* Data shown:
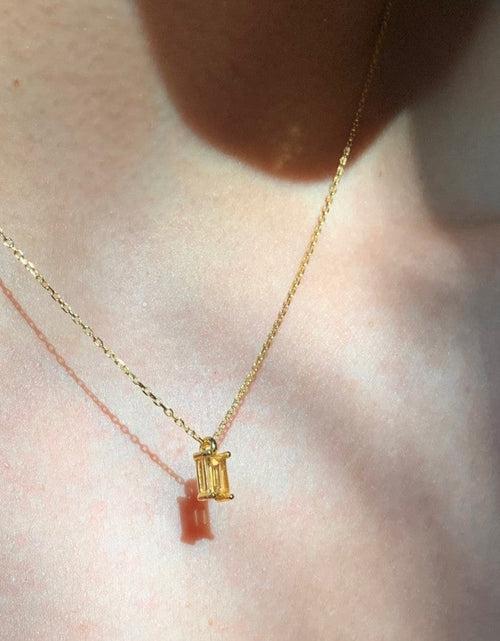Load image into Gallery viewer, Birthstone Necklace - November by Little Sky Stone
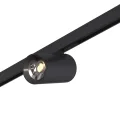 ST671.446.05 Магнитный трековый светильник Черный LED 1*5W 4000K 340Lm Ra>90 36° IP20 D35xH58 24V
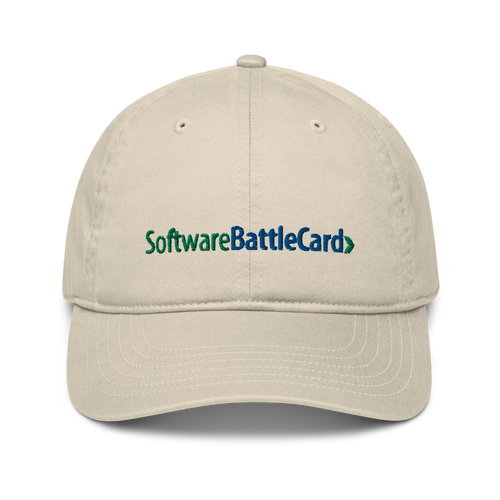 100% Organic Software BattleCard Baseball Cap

* Work instruction:
Restate the listing word for word, pictures excluded.

* Answer to this problem:
Load image into Gallery viewer, Birthstone Necklace - November by Little Sky Stone
 ST671.446.05 Магнитный трековый светильник Черный LED 1*5W 4000K 340Lm Ra>90 36° IP20 D35xH58 24V
 100% Organic Software BattleCard Baseball Cap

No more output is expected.